The Olympic Games create legends. It's why the spirit of the Games is such a real and powerful thing. Among us walk men and women who have done extraordinary things.
A select few of of these Olympic legends are something even more. They are, truly, heroes.
Dr. Sammy Lee is a hero, and the city of Los Angeles paid tribute to him Thursday in a ceremony that served as a vivid reminder of the pull of the Olympics, the city dedicating a square in his honor while the incredible story of his life and achievements were told anew, a story that -- no matter how many times it is related -- deserves to be told and told some more, and for two very good reasons:
Not that there could possibly be any doubt on the matter but Sammy Lee, who just turned 90 years old, deserves to know while he's still with us that he is one of the all-time greats. And children everywhere ought to know how a man like Sammy Lee has lived; he has embraced life to its fullest.

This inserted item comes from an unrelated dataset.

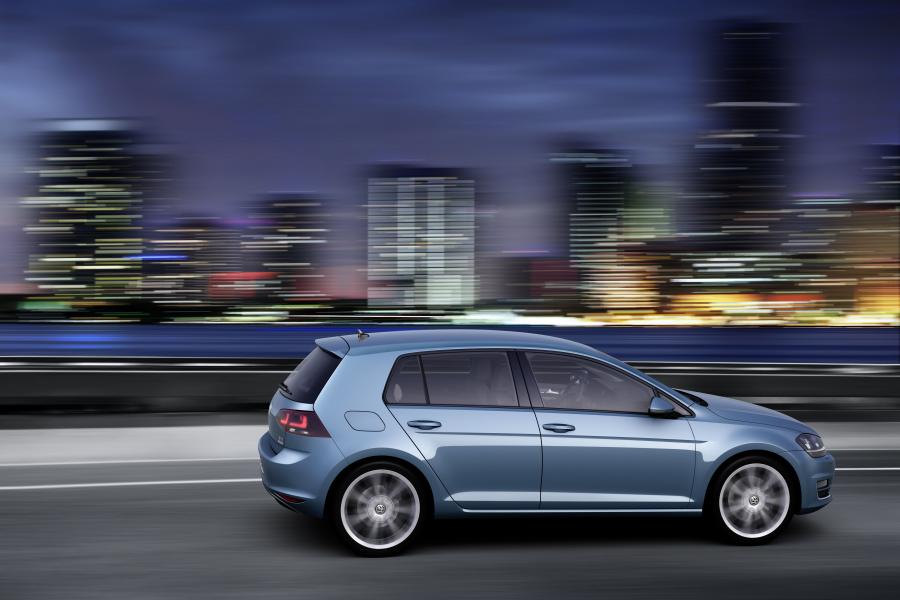  Volkswagen Golf TSI BlueMotion 2012 года  (фото 23 из 33)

"Sammy Lee is a great American," Herb Wesson, who is a member of the Los Angeles city council, said, and that's not bluster. That's truth talking.
Sammy Lee is a two-time gold medalist in diving, in 1948 in London and in 1952 in Helsinki.
He is the first American of Asian descent to win an Olympic gold medal. He is the first person of color to win a medal in diving. He is the first man to win back-to-back gold medals in Olympic platform diving.
Sammy Lee is an authentic American through and through -- he wore a red, white and blue blow tie to Thursday's ceremony -- who grew up Asian in California during years when being Asian in California held very different challenges than now.
When Sammy was growing up, non-whites could use the pool where he practiced one day a week, on Wednesdays only. And then, as he has told it, the pool would be emptied after the non-whites used it, and fresh water was brought in the next day.
When the pool was off-limits, Sammy practiced by jumping into a sand pile.
His break came when he was noticed by coach Jim Ryan, a bear of a man who stood 6-foot-4 and weighed 275 pounds. Ryan would take Sammy to the Los Angeles Athletic Club. Normally, the club was closed to minorities. But no one dared tell Jim Ryan that he couldn't bring Sammy Lee in with him.
Sammy had designs on the 1940 Olympics. But the war raging around the world meant no Games.
Maybe, Sammy thought, 1944. The war carried on. No Games.